Talks and presentations

See a map of all the places I've given a talk!

A Holistic View of Resource Utilization on Perlmutter

August 03, 2022

Seminar, DISCL, Lubbock, Texas

The current resource allocation method in HPC allocates resources to applications in units of nodes where every node is identical. On the other hand, the demands of HPC applications vary significantly in terms of resource usage. The gap between the coarse-grained resource and the varying demands makes the system risk in substantially underutilization, even though the nodes allocation rate seems high. In this work, we perform a large-scale analysis of metrics sampled in NERSC’s Perlmutter, a production HPC system containing both CPU-only nodes and GPU-accelerated nodes. This data-driven analysis gives us a holistic view of how compute resources are used and what characteristics of applications have regarding utilizing the HPC resources. The insights derived from the analysis not only help us evaluate the current architecture design and therefore have impacts on making future procurement decisions, but also motives the research on emerging system architecture design, such as disaggregated memory, to improve the sub-system resource utilization.

SST and Cycle-accurate Simulation of xBGAS

May 03, 2022

Seminar, DISCL, Lubbock, Texas

As the HPC community is entering the exaFLOP regime, designing and building these computers are becoming increasingly difficult. Except for considering the traditional challenges of performance and scaling, system architects have also to consider the challenges in power consumption, cost, programmability, etc. Overcoming these challenges requires a holistic approach that not only makes changes to the subcomponents, such as memory and processor, but also concurrently changes the programming model and applications, i.e. the hardware-software co-design approach. However, it is usually impractical to construct hardware prototypes to explore the vast design space. Simulator, in this scenario, becomes an indispensable tool to guide design decisions. In this talk, I will present the Structural Simulation Toolkit (SST), an open, modular, parallel, multi-scale simulation framework for HPC architectural exploration. More specifically, I will give an overview of SST and explain how it works. I will also give demos of simulating a multi-level memory system. The goal of exploring SST is to implement a cycle-accurate simulation framework for xBGAS, which is a major absence in the previous xBGAS work.

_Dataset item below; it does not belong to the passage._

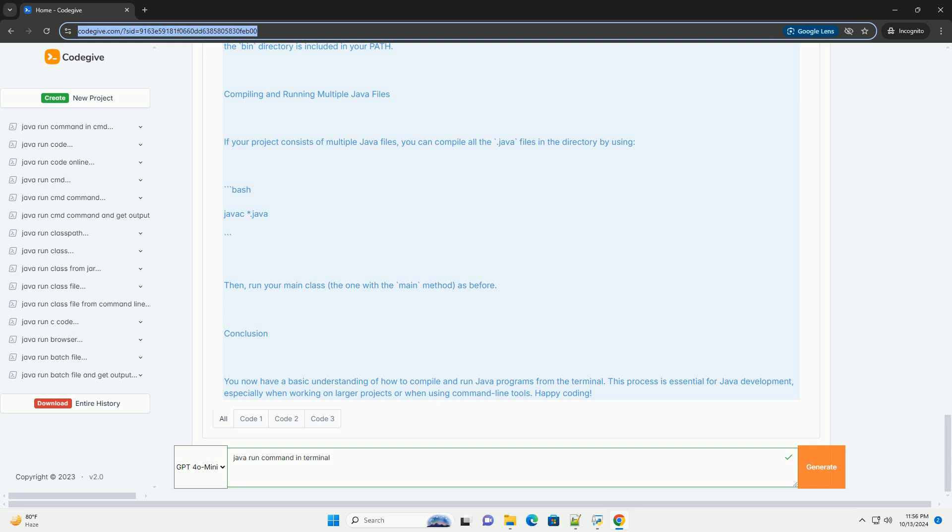Command Not Found: If the terminal says that javac or java is not recognized, ensure that your JDK installation is correctly set up and that the bin directory is included in your path.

Lightweight Checkpointing of Loop-Based Kernels Using Disaggregated Memory

February 02, 2022

Seminar, DISCL, Lubbock, Texas

Checkpoint/Restart (C/R) is usually used to provide fault tolerance in HPC systems, where the increasing number of hardware components and complexity of software stack increase overall fault rates. Meanwhile, the ever growing power consumption of HPC systems has fostered the exploration of using renewable energy to power the systems. Due to the variable nature of renewable energy sources, such as wind and solar, jobs running on HPC Systems need to be suspended or migrated to fit within the power availability. C/R, in such cases, is also indispensable. Typically, C/R techniques periodically save the status of running processes to checkpoint files stored on a parallel file system. However, this process is expensive; a single checkpoint can take the order of tens of minutes, rendering checkpointing less practical. We propose a lightweight checkpointing technique that uses disaggregated memory as a checkpoint target for loop-based kernels. The disaggregated memory is a concept similar to disaggregated storage; it provides a shared memory pool for compute nodes. With the xBGAS-enabled remote memory accessibility, we hope to checkpoint the necessary data objects on remote memory with minimum overhead and to be able to restart the application from any available compute nodes. In this seminar talk, we will summarize current Checkpoint/Restart techniques, present the concept of the disaggregated memory, and discuss about the proposed C/R, which we name it CRaaS (C/R as a Service). Finally, we will use a loop-based kernel to illustrate the design of CRaaS APIs.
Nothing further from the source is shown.